### Material provided:
-- Opening Marker --

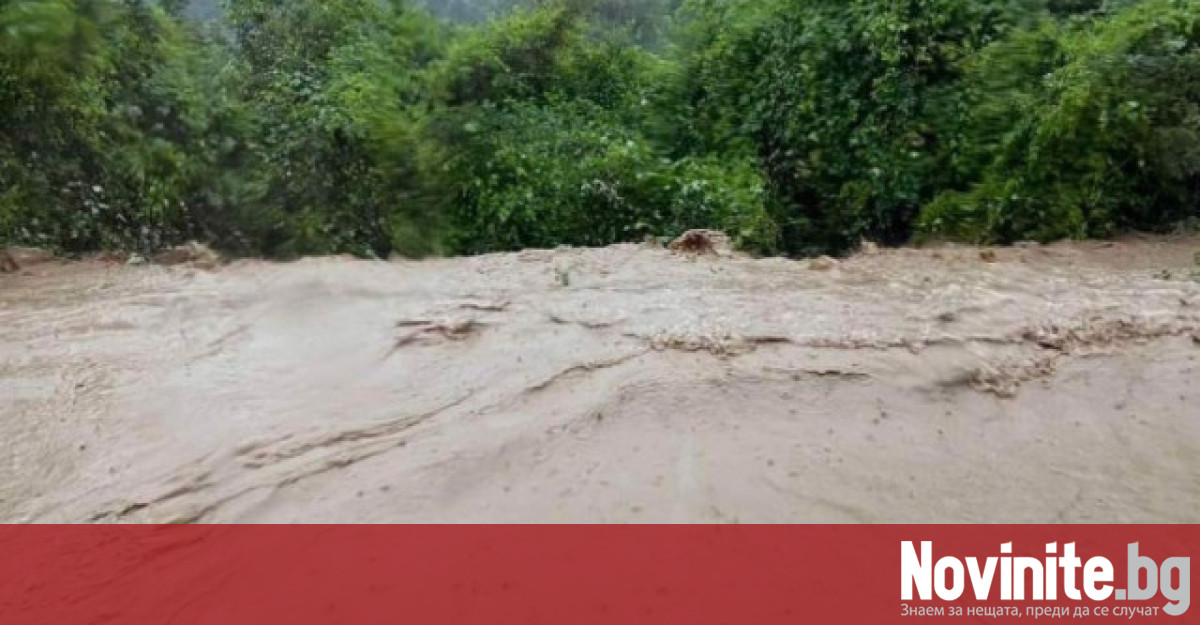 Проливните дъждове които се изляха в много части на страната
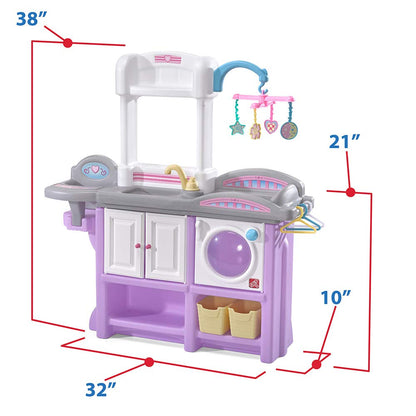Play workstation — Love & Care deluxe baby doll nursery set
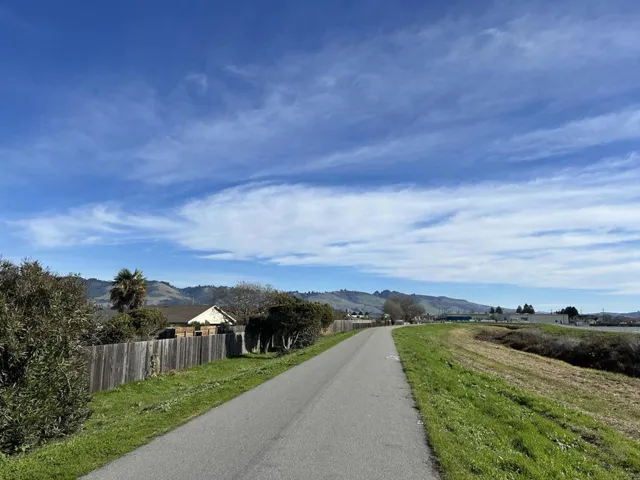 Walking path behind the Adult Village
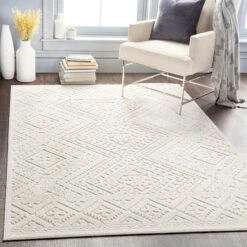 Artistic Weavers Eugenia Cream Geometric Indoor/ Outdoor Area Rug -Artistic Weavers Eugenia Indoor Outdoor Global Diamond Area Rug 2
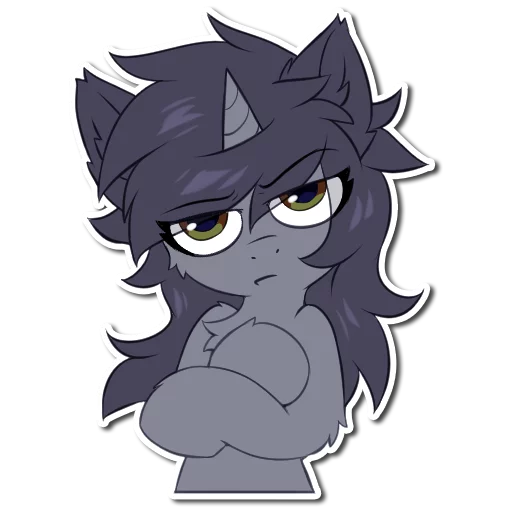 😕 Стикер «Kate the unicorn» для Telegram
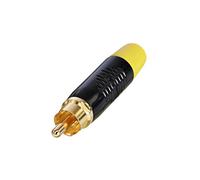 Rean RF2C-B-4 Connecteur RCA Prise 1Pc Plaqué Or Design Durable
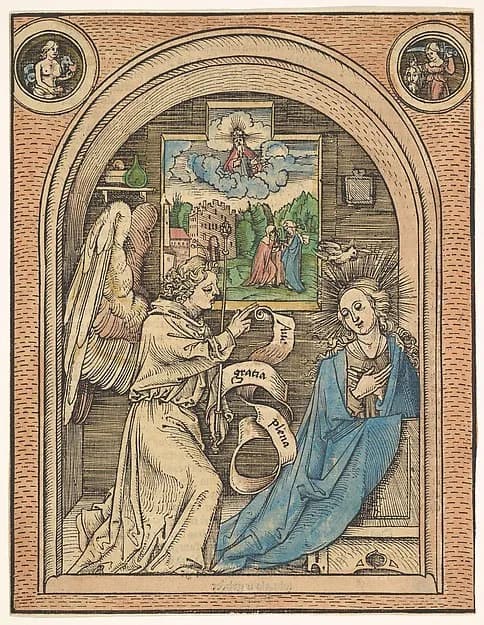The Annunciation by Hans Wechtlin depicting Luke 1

-- Closing Marker --
-- Opening Marker --

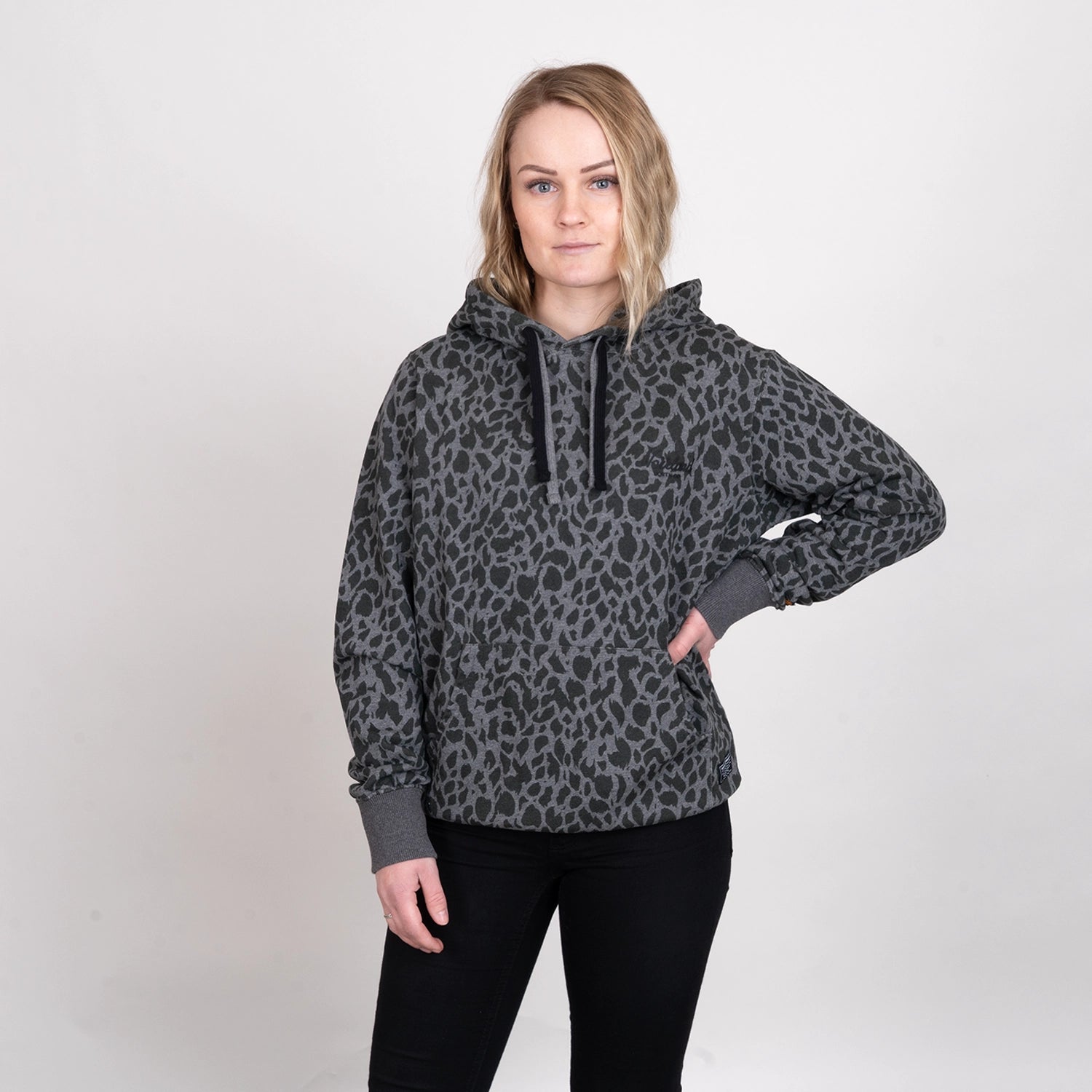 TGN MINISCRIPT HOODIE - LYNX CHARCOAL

-- Closing Marker --

### Task goal:
Above this task is a listing with pictures in it. Retype only the lines from the one containing "Проливните дъждове които" through the one containing "The Annunciation by", both included, and not the pictures.

### Output of the exercise:
 Проливните дъждове които се изляха в много части на страната
Play workstation — Love & Care deluxe baby doll nursery set
 Walking path behind the Adult Village
 Artistic Weavers Eugenia Cream Geometric Indoor/ Outdoor Area Rug -Artistic Weavers Eugenia Indoor Outdoor Global Diamond Area Rug 2
 😕 Стикер «Kate the unicorn» для Telegram
 Rean RF2C-B-4 Connecteur RCA Prise 1Pc Plaqué Or Design Durable
The Annunciation by Hans Wechtlin depicting Luke 1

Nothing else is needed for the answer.